Lexi Plummer is driving to Islamorada in the Florida Keys and into a hurricane. She’s determined to reach her daughter Quinn and bring her home before the eye of Hurricane Stephen, a Category-4 storm, hits the islands and the home of Quinn’s grandfather, horror film director Rick Plummer who is in the process of filming a sequel to his horror masterpiece, Breathless.
“I play our last conversation over and over in my head as I drive. I hadn’t heard from her at all yesterday, nor had I seen anything of hers on social media. Quinn had told me she would be on a school trip for dates that were slightly too specific—the exact dates of the visit with her grandfather I’d forbidden her to take. How could I have been so utterly, stupidly naïve?”
Twenty years before, a teenaged Lexi had, on a whim, been a bit player in the original Breathless film. That was where she met Rick’s son, Cam, got a featured part in the movie—she became the girl who is the first to die—and eventually she and Cam married. She also witnessed the events leading to the deaths on the set and the leading lady’s mental breakdown, giving rise to the public calling the film “cursed.”
“Can a place hold a memory? I realize I’ve always believed it could. Just like the memory I have of what I saw at the Pinecrest, of the explosion that killed Doug when I was Quinn’s age.
Luke only knows part of the story.
More than two people have died here.”
The year before, Cam had returned to the Keys to write the book he hoped would make him known on his own merits and not merely as Rick Plummer’s son.
“He’d wanted to be a novelist, after all, and always wrestled with his life being separate from the movies Rick made.”
Then he’d gone off in the family boat and never returned. The boat was discovered adrift, but his body was never recovered.
“They found the boat, Lexi,” Rick said. “Capsized, carried a mile offshore by the current.”
I covered my mouth with my hand. “He was on it? Are you sure?” Already, hot tears were filling my eyes.
“No one’s sure of anything right now.”
Lexi knows why Quinn lied about going on a trip with friends instead of that she was going to the Keys. She’s never believed her father is dead and is determined to find him.
“She never believed Cam died. That was why she healed so fast, shifting back from being moody and abrasive to being her old self.

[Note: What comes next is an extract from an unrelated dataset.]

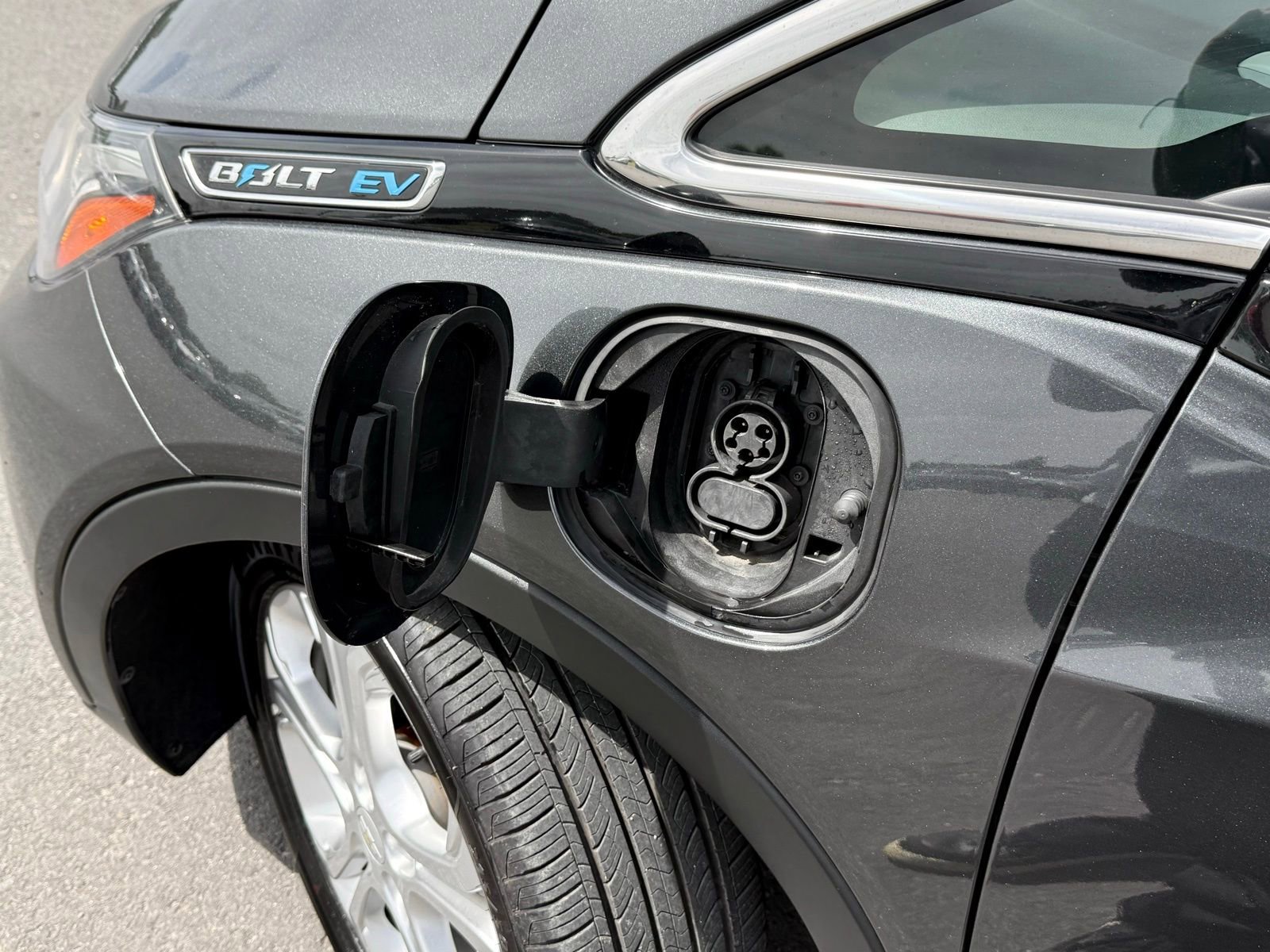 Used 2018 Chevrolet Bolt LT FWD image 6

She came down here looking for proof he’s alive, but whatever she found, I’m not strong enough to handle it.”
Lexi and the eye of the storm arrive at the same time. With the appearance of some of the original cast and crew, events soon begin following the original script, but that lasts only so long. Soon Lexi will learn that the truth of what happened on the set 20 years before is much, much deadlier than any fiction a screenwriter could create.
Always the First to Die is a story evolving around the making of a slasher movie that should itself be made into a film.
Well-characterized and filled with emotion-producing dialogue and the description of the Florida Keys and the damage done by the hurricane reading like an eyewitness account, the story is told from the killer’s point of view as well as Lexi’s. There are also flashbacks giving us the facts behind the tragedy happening twenty years before that gave Breathless its notoriety. All are insightful and dramatic, and the only objection one might raise is when protagonist and antagonist are giving their stories, it’s in first-person present, which some readers alternately find annoying and confusing.
R. J. Jacobs' novel is a gem that readers of thrillers as well as slasher/horror film aficionados will enjoy, with a tangent of a twist no one expects that will keep both types of audiences begging for more.